I calculated the numbers in this report from the IRS 2020 Data Book, which the service released Thursday after a month-long delay. Each year for decades, I have analyzed the numbers in the annual Data Book and other reports, consistently finding less and less tax law enforcement, especially at the top of the income ladder.

Charles Rettig, the Beverly Hills tax avoidance lawyer who Trump appointed IRS commissioner, told the Senate Finance Committee in April that tax cheating has become rampant. “It would not be outlandish to believe that the actual tax gap could approach, and possibly exceed, $1 trillion per year,” he testified.

Individuals paid $2.8 trillion of income tax in 2020.

Trillion-Dollar Tax Gap

A trillion dollars of individual income tax owed but not paid would be well more than twice the official IRS “tax gap” estimate of $381 billion, about 70% from individual income taxes. Corporate profits, payroll and other taxes make up the rest of the gap. You can learn what the tax gap is and how it is measured here.
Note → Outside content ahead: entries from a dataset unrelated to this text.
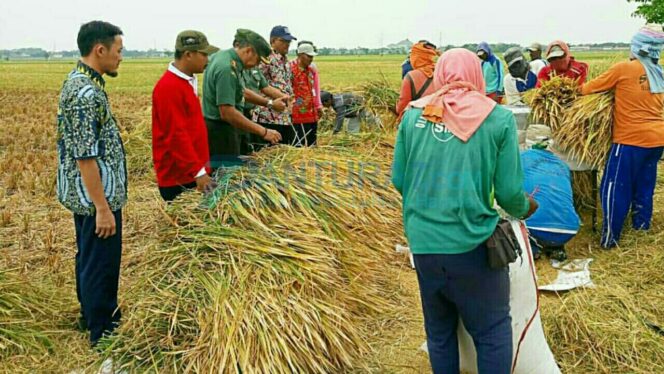 
					Bulog Jamin Stok Beras Probolinggo Aman 6 Bulan ke Depan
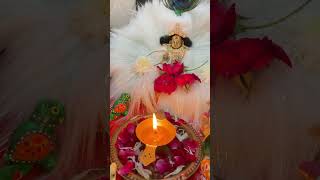 Laddu Gopal ki aarti  Adharam Madhuram laddugopal laddugopalstatus Thakur ji shringar darshan [upl. by Friend]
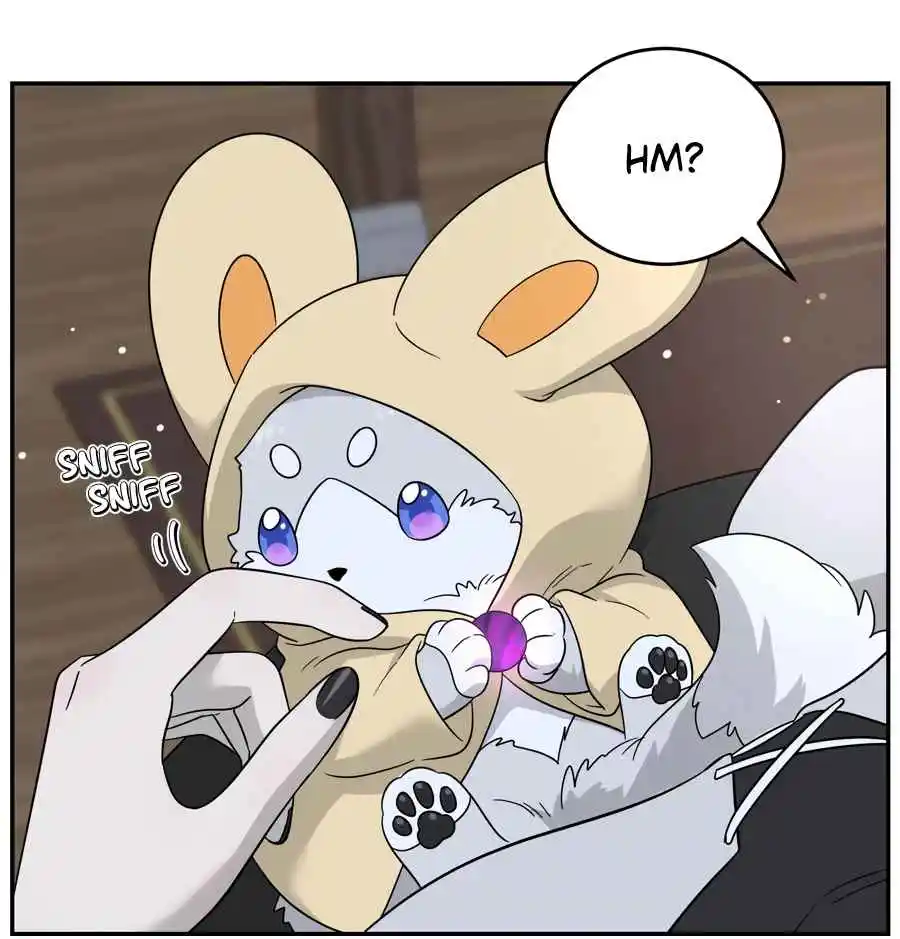 My Food Seems to Be Very Cute 128.5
Rettig, in his testimony, made a point that I have made for years – the official tax gap is a low-ball estimate. I’d be surprised if the tax gap isn’t at least a trillion dollars.
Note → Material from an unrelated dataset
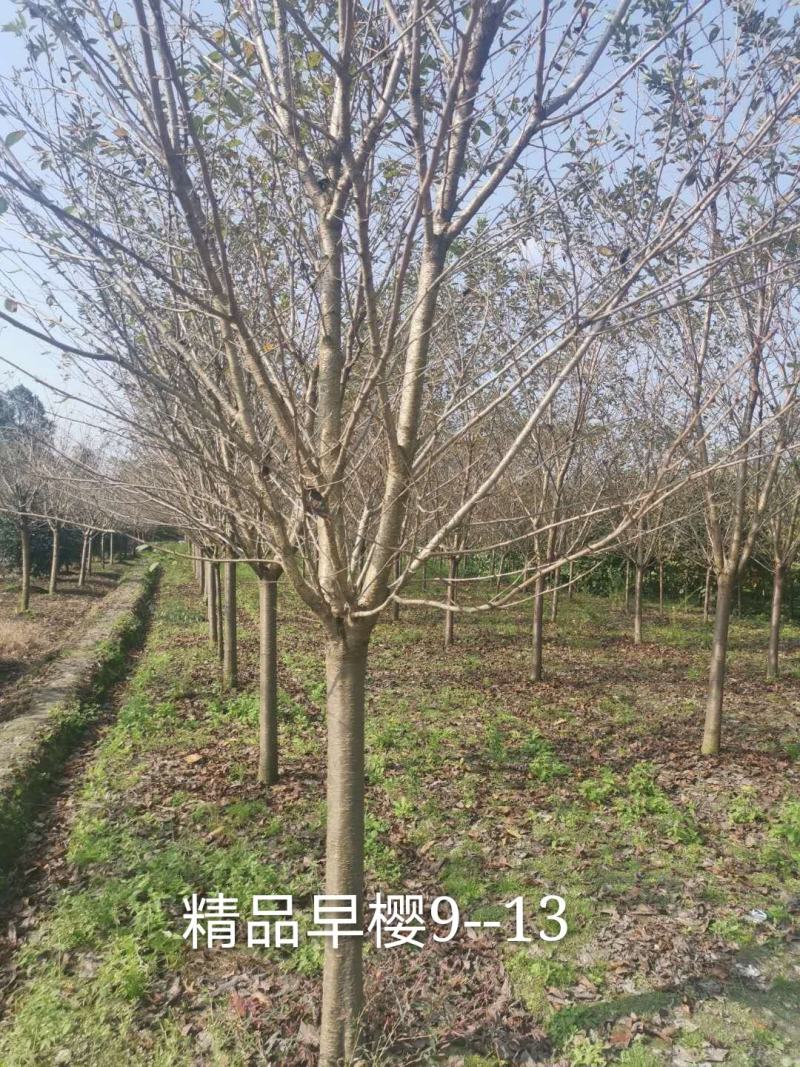 【推荐】樱花树高杆樱花早樱晚樱大量出售2--20公分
It relies heavily on surveys of what people say about how honestly they file their taxes. Those responses wouldn’t include major league tax cheats or people advised by some of the most crafty accountants and lawyers in America and abroad, as revealed by the Panama Papers and the Paradise Papers exposes of tax cheats and their advisers.

Fewer audits among people who rely on wages and wage-like income such as pensions make sense because employers, pension plans and others verify the income people report on their income tax returns. In addition, under the Trump/Radical Republican tax law changes that took effect in 2018, only one in 13 taxpayers can even itemize deductions. In short, for most working Americans, opportunities to cheat no longer exist.

However, among the $10 million and up group, less than one dollar in five is verified as wages or pensions, my annual analysis of IRS Table 1.4 shows.

Cheating Business Owners

Congress trusts these high-income taxpayers, many of whom own businesses, to fully and honestly report their income and only take lawful deductions. Without many more audits, however, who knows.

Auditing only 38 out of more than 26,000 tax returns filed by the wealthiest Americans tells us next to nothing about their propensity to cheat.

The IRS cuts in hunting for tax cheats were far less severe for the working poor.

Among families applying for the Earned Income Tax Credit, the IRS audit rate was 1.8% in 2010, but half that level in 2018.

The amount of additional tax the working poor owed after audits fell by two-thirds under Trump, although that may reflect that about a third of these audits were still in process at the end of the federal budget year. In 2010 under Obama, that was true for just 11 out of almost a half-million audits of the working poor.

When we get the data for 2019 and 2020, it will almost certainly show an even more appalling record of favoritism to wealthy tax cheats.